A typical plot from the raw data would look like this. Very messy and illegible
fig = px.line(raw.T, title='Messy data representation of weekly sales')
fig.update_xaxes(title_text='Week')
fig.update_yaxes(title_text='Sales Count')
fig.show()
Now lets take a look at out clustered and grouped data. So much better. When a new product with certain parameter is added into the data, we can easily predict which time of the year the clustered product would sell the most. Offcourse the data is not very elobrate to support this kind of patterns since it only has amount of weekly sales from one year. It can be made more robust with other features added such as product categories, seasonal data, more data from different years etc..
Two types of products seems to fall behind in sales as the year progresses. Hmm I suppose what could that be? meanwhile the other two seems to be static and low volume.
fig = px.line(weekly_sales.T, title='After applying clustering to raw data')
fig.update_xaxes(title_text='Week')
fig.update_yaxes(title_text='Sales Count')
fig.show()
'''
Adding weekly data(every 4 columns) and further grouing by the predicted cluster and plotting monthly data'''
monthly = inf.iloc[:,:52].groupby((np.arange(len(inf.iloc[:,:52].columns)) // 4) + 1, axis=1).sum()

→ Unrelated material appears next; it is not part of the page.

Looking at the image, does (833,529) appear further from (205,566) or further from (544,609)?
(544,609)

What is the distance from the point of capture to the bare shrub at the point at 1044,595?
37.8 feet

monthly['class'] = inf['class']
monthly_group = monthly.groupby('class').sum().astype(int).reset_index()
monthly_sales = monthly_group.drop('class',axis=1)
fig = px.line(monthly_sales.T, title='Monthly sales of different clusters')
fig.update_xaxes(title_text='Month')
fig.update_yaxes(title_text='Sales Count')
fig.show()
Okay so we went through two different dimensionality reduction techniques and one clustering techniuqe in the form of Kmeans. There are several other algorithims for clustering like DBSAN, Agglomerative clustering etc.. but this notebook is already too long and the results are quite decent for the combination of kmeans and PCA. Thank you for your attention and have a good day!